Heurelho Gomes did just that and was absolutely brilliant against West Ham. The double save he made from Marko Arnautovic was out of this world.
His first came from a point-blank header from the Austria international, who seized on the rebound and thundered the ball back towards Gomes.
Watford are enjoying their best start to a Premier League season under Marco Silva and that has created tremendous interest in the manager's ability to take ordinary teams and make them considerably better.
I said only a few weeks ago, in this very column, that Everton should move very quickly to secure the services of this exciting manager and, to their credit, they have.
If Silva goes to Everton - and I think he must - Watford can do much worse than replace him with Alan Pardew, who has a lot to offer.
Defender - Christian Kabasele (Watford)
I have seen some amazing goal-line clearances this week but none more important or impressive than the one from Christian Kabasele.
West Ham were having great difficulty trying to find a rhythm and struggling to convert their chances when Manuel Lanzini's cracking strike beat Heurelho Gomes, only to see Kabasele come from nowhere and somehow clear the ball off the line.
The player's defensive instinct was quite remarkable. It was the sort of clearance that rips the heart out of the opposition, especially when a team like West Ham, who are low on confidence and trying their best to get something out of the game, see the lengths the home side are prepared to go to in order to keep a clean sheet.
As for the Hammers, manager David Moyes has accepted a job that - should it go badly wrong and the club are relegated in the same way Sunderland were under his tenure - could be his last.
West Ham are a very famous old club and belong in the Premier League. Nothing short of that will be acceptable.
Defender - Shkodran Mustafi (Arsenal)
North London supremacy and comments about which player would get into whose team are conversations that belong over a pint in the Dog & Duck.
The real debate is about teams who have what it takes to win football matches regardless of the stakes.
Shkodran Mustafi would almost certainly not get into Tottenham's back three. But what does it matter when you can produce performances that are so defensively brilliant? At times you wonder how on earth the German can be so utterly disastrous on other occasions.
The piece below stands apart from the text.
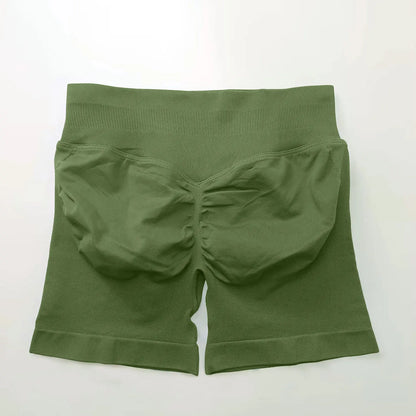 Elevate Your Workout with NCLAGEN Women's Impact Shorts - Seamless 4.5" Biker Shorts for Ultimate Comfort and Style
The answer is: that's football.
In reality, no-one knows how any individual is going to perform on any given day, and that is why fans are so gratified when players turn up for a big match and give them what they want.
Should referee Mike Dean have given a free-kick for Davinson Sanchez's tackle on Alexis Sanchez? Probably not.
Was Mustafi offside when he superbly directed his header towards Tottenham's goal? According to the video evidence, it was.
These were all incidents beyond the control of the visiting side. However, what Spurs were in total command of was the way in which they lined up to defend the free-kick and which defender was going to get his head on the ball.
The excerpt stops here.